Top of Exercise data

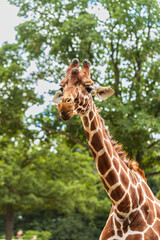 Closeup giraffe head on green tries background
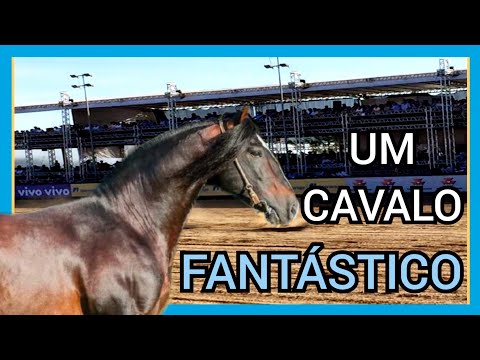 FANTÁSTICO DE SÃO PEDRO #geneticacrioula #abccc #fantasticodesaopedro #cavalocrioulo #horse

Bottom of Exercise data
Top of Exercise data

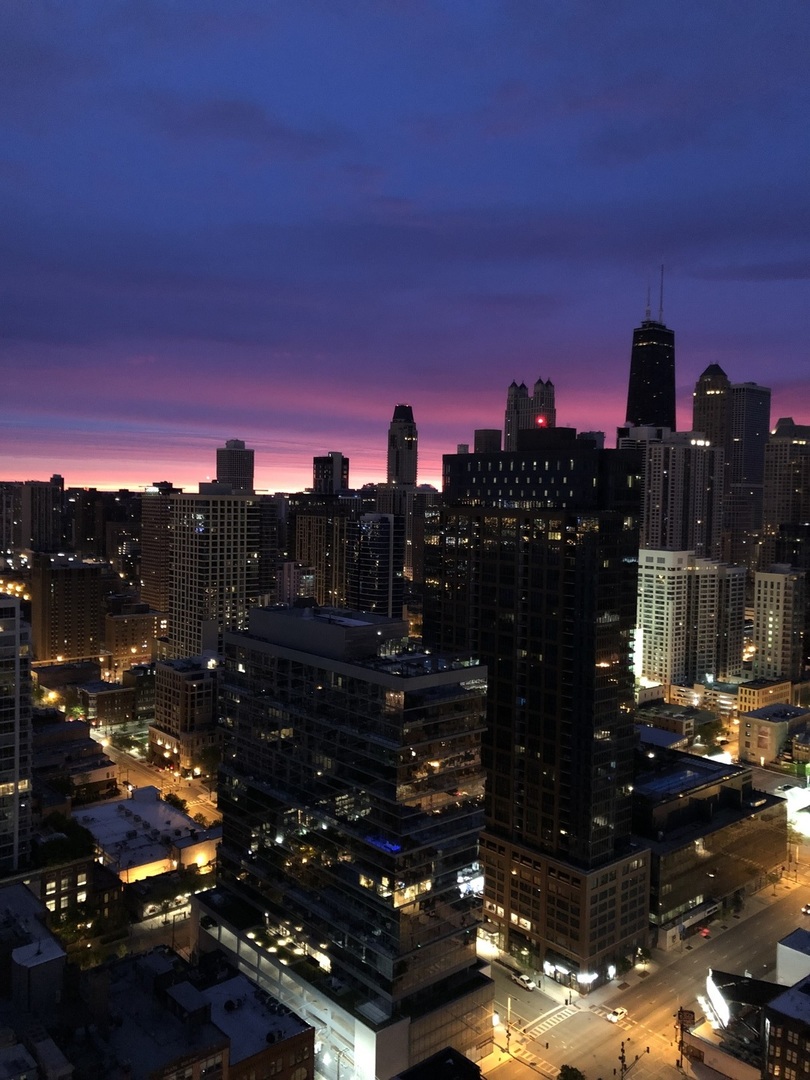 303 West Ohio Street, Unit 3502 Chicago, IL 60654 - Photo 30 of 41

Bottom of Exercise data

Problem details
With the pictures removed, print only the lines starting at the line that has "Closeup giraffe head" and ending at the line that has "FANTÁSTICO DE SÃO", both ends included, exactly as they stand above.

Answer for this exercise
 Closeup giraffe head on green tries background
 FANTÁSTICO DE SÃO PEDRO #geneticacrioula #abccc #fantasticodesaopedro #cavalocrioulo #horse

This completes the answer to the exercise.